DATA PROVIDED START
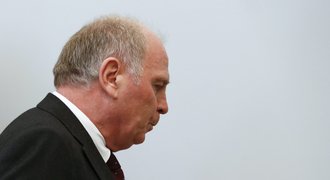 Konec šéfa Bayernu! Hoeness rezignoval a přijal vězení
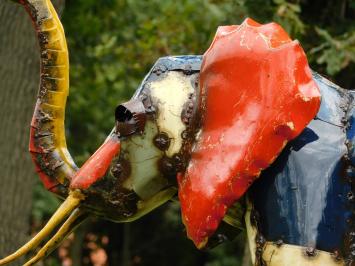 Elefant Nacho – 80 x 90 cm – Farbenfrohe Skulptur – Afrikanisches Kunstwerk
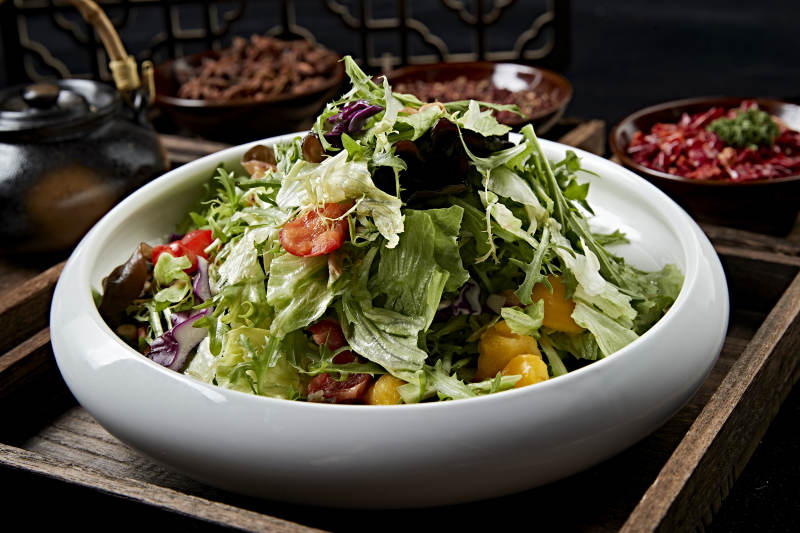 圆瓷盘装的农家拌菜图片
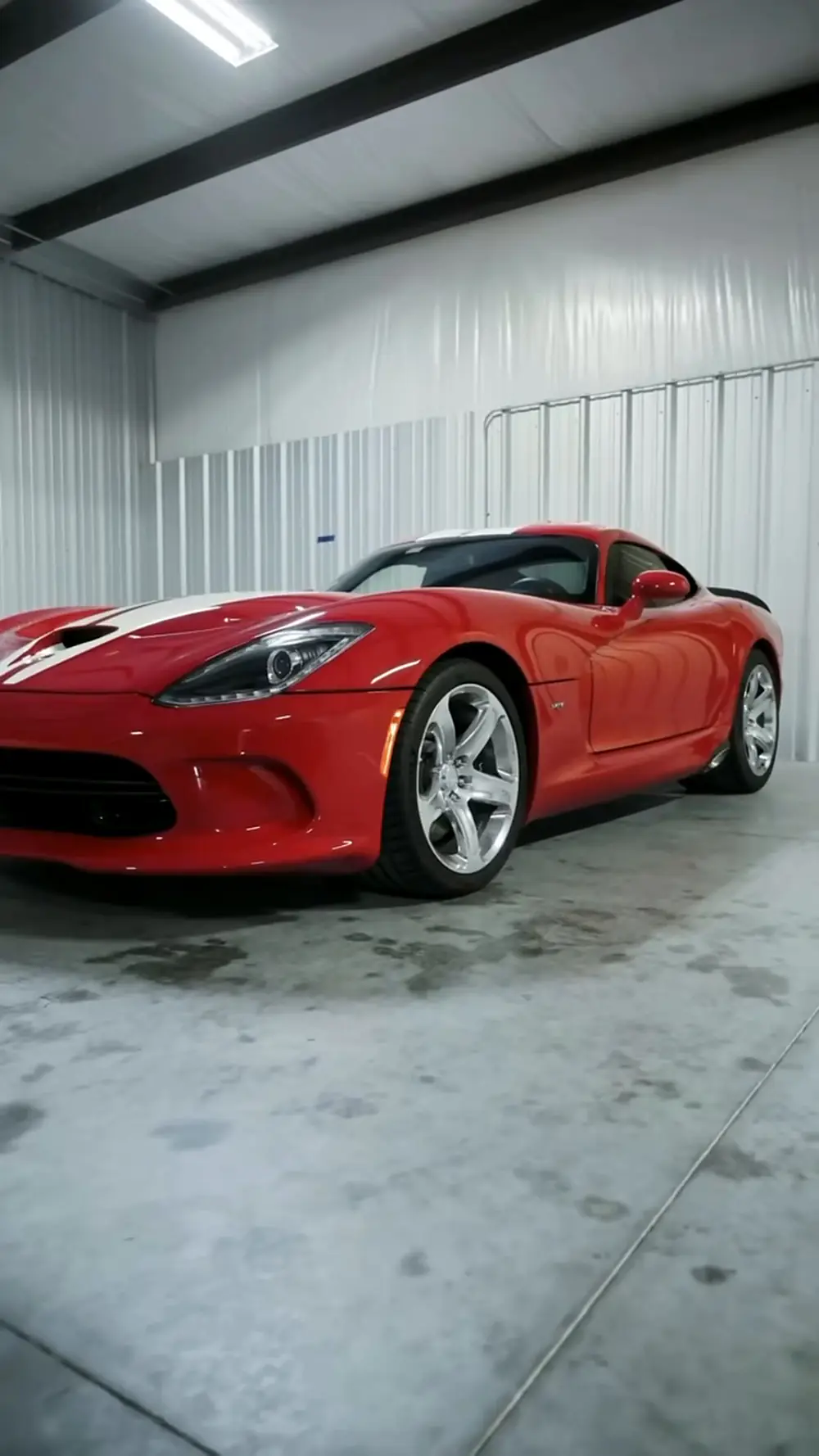 2014 Dodge Viper, finished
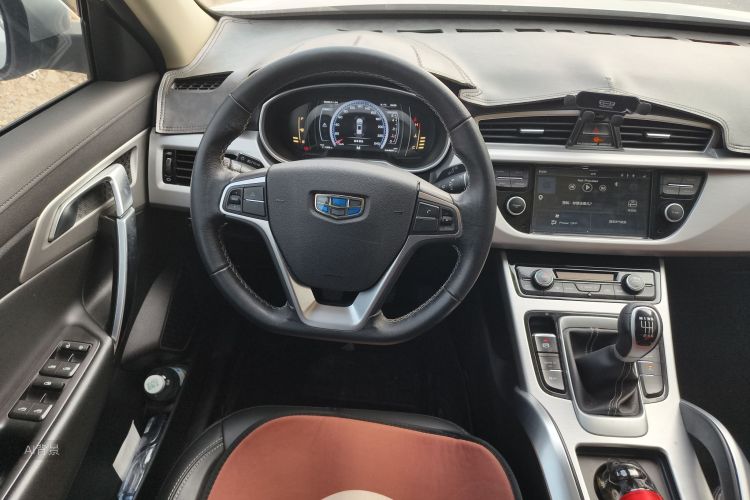 GEELY Boyue 2017 car image #12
DATA PROVIDED END
Repeat exactly the lines from the one holding "Elefant Nacho –" through the last line of the entries, both included; the pictures do not belong in the copy.

 Elefant Nacho – 80 x 90 cm – Farbenfrohe Skulptur – Afrikanisches Kunstwerk
 圆瓷盘装的农家拌菜图片
 2014 Dodge Viper, finished
 GEELY Boyue 2017 car image #12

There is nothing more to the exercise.